Sadly, and frustratingly, implementations don't do what programmers think should happen. We are seeing very very nonportable behavior.
Still collecting data across devices and platforms that we will share soon enough.
@dneto This is a major topic of my research.
Many vectorisation papers, including some from my uni, were written in a world without non-uniform intrinsic like that in mind.
This led to using heuristics to make reconvergence decisions, often unstable under opts, which used to not matter semantically. Now it does!
The structured interpretation is the correct one, it's the one used by ISPC and others, and it's stable under optimisations, and programmers actually have the right intuition for it.
@dneto There are broadly two classes of implementations: LLVM-based shader compilers, which have arbitrary reconvergence behaviour, and NIR, which honors code structure throughout the pipeline.
LLVM and everything downstream from it, is facing a very tough challenge to address decades of development under scalar control-flow assumptions. I'm not sure it's fixable in a timely fashion
IRs that lack such information, like DXIL, are fundamentally flawed and need to be retrofit with structured info
@dneto If stable reconvergence semantics cannot be guaranteed, then non-uniform subgroup intrinsics are basically ill-defined nonsense.
Some people have argued that what threads participate to those should not be a correctness issue, that code should be written defensively.
To that I answer that if programmers are expected to respect uniformity guarantees by the API, then they must be given reliable tools to manipulate divergence and reconvergence.
@dneto If no reliable guarantees are provided, then non-uniform subgroup operations are conceptually a flawed idea and will only ever work on an ad-hoc basis in small programs with limited scopes.
And then I think they should just not be available at all, and the programming model should switch back to a purely scalar one, with SIMD execution being an implementation detail in sole control of the compiler.
@gob The SPIRV-Tools optimizer stack is another that always takes uniformity into account.
It's not the formalism that is decisive. It's possible to use an LLVM+based compiler safely. But only if you use transforms that don't degrade the reconvergence properties of the code. This requires extreme care and vigilance. But LLVM is a fast moving codebase and so doing so is very difficult. I think that's part of any so many GPU computers are longtime *forks*of LLVM.

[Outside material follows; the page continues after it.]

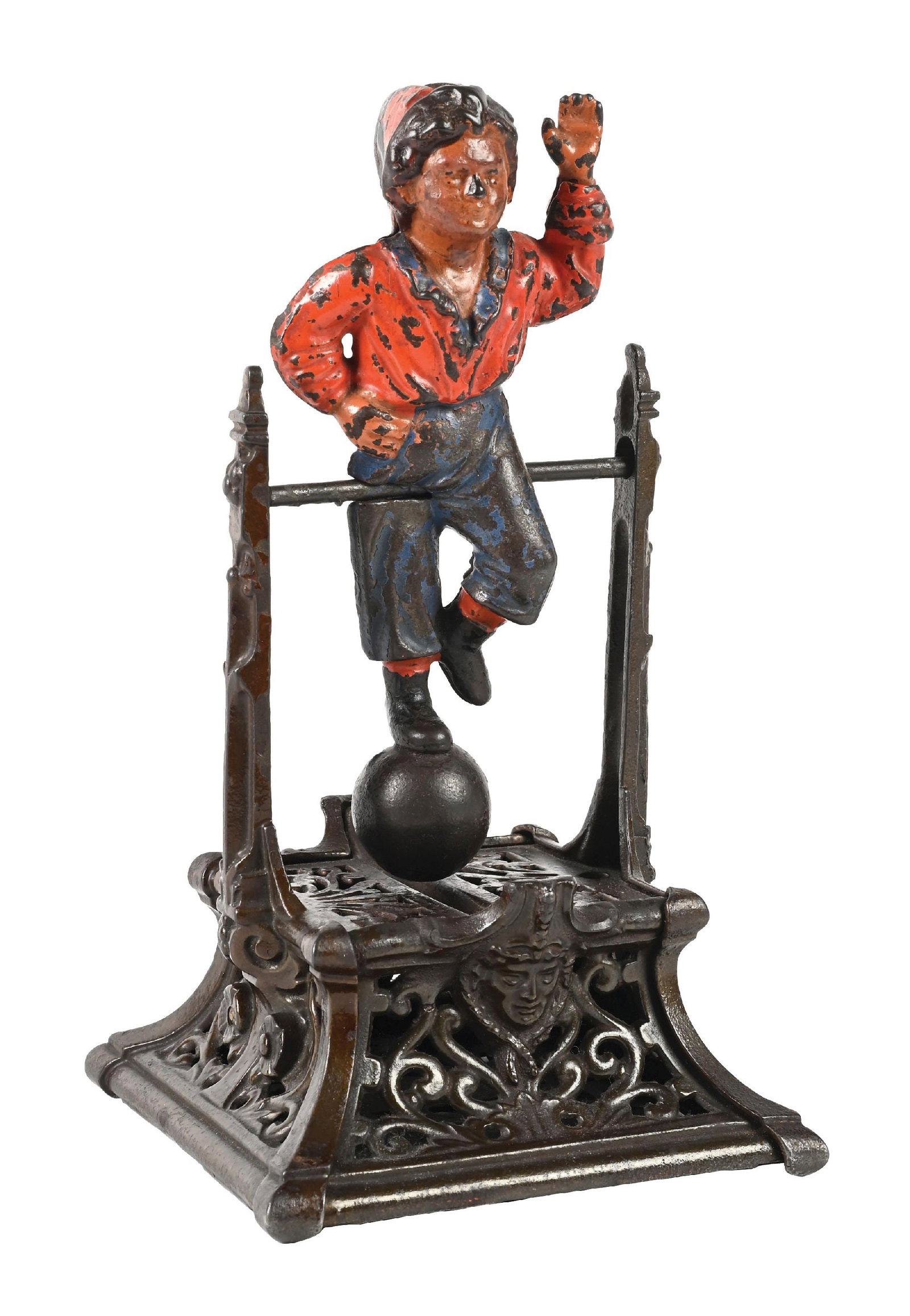 J. BARTON SMITH BOY ON TRAPEZE BANK: No breaks or repairs. Boy's face and chest touched-up. Condition: (Very Good). Dimensions: 5" x 5" x 9 - 1/4".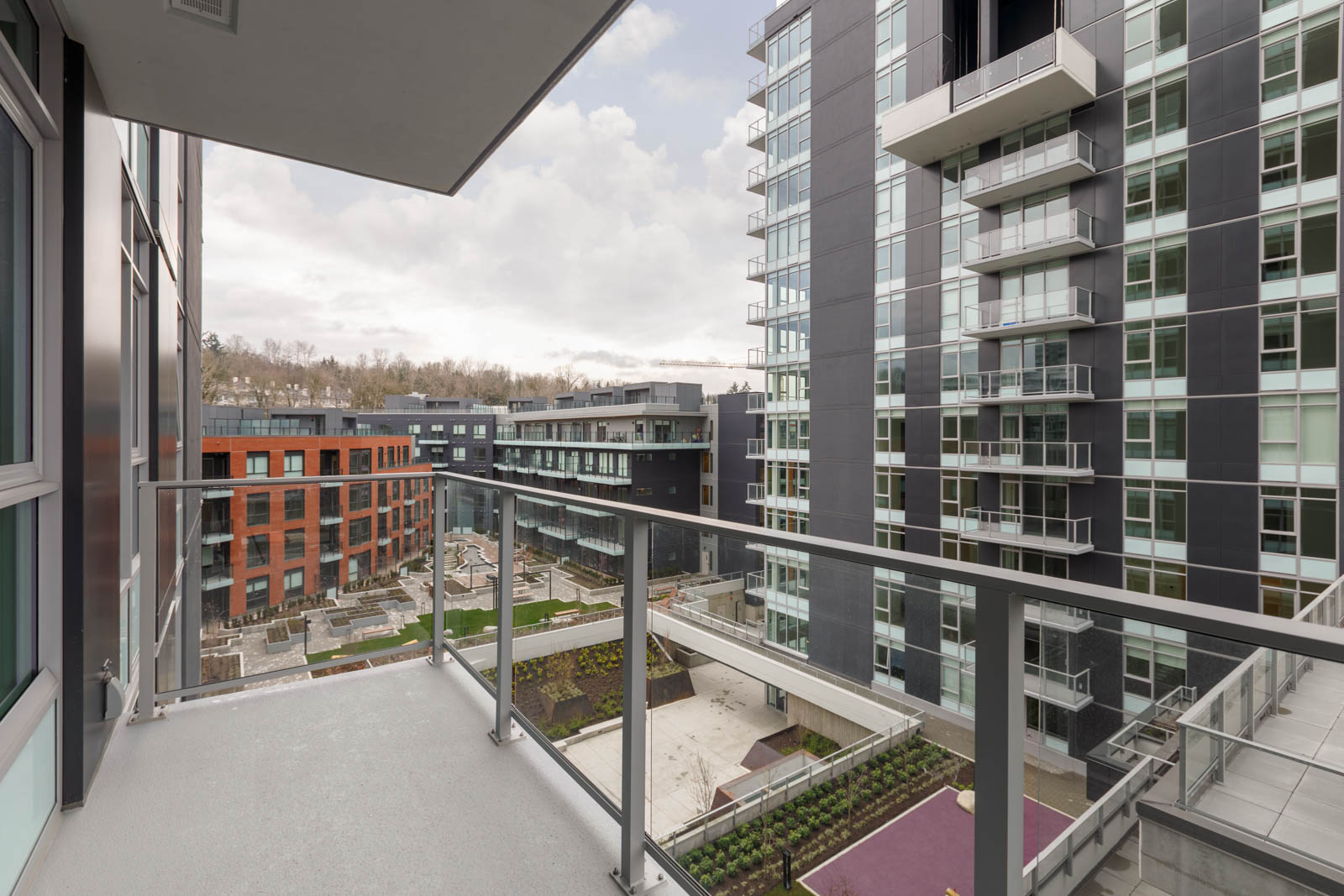 View from a balcony overlooking a modern apartment complex with multiple buildings, glass railings, landscaped courtyard, and cloudy sky.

@dneto The formalism is absolutely decisive, because it's the difference between something like NIR honoring structure "by construction", and something like LLVM requiring years (I think @nh et al have been working on this since at least 2019) to retrofit the concept in a way that works for the codebase at large.
At work we have an graph-based and implicitly IR called https://github.com/AnyDSL/thorin and it makes a ton of optimisations trivial, because the IR effectively normalises away a lot for us.
@gob @dneto To be fair, it's been very much an on again off again sort of project. And a lot of the delay has to do with LLVM community constraints, nothing inherent to the problem.
That said, I have come to the conclusion that a good compiler should be able to represent structured control flow constructs directly. It should be optional, but e.g. loop transforms on a free form CFG are kind of annoying.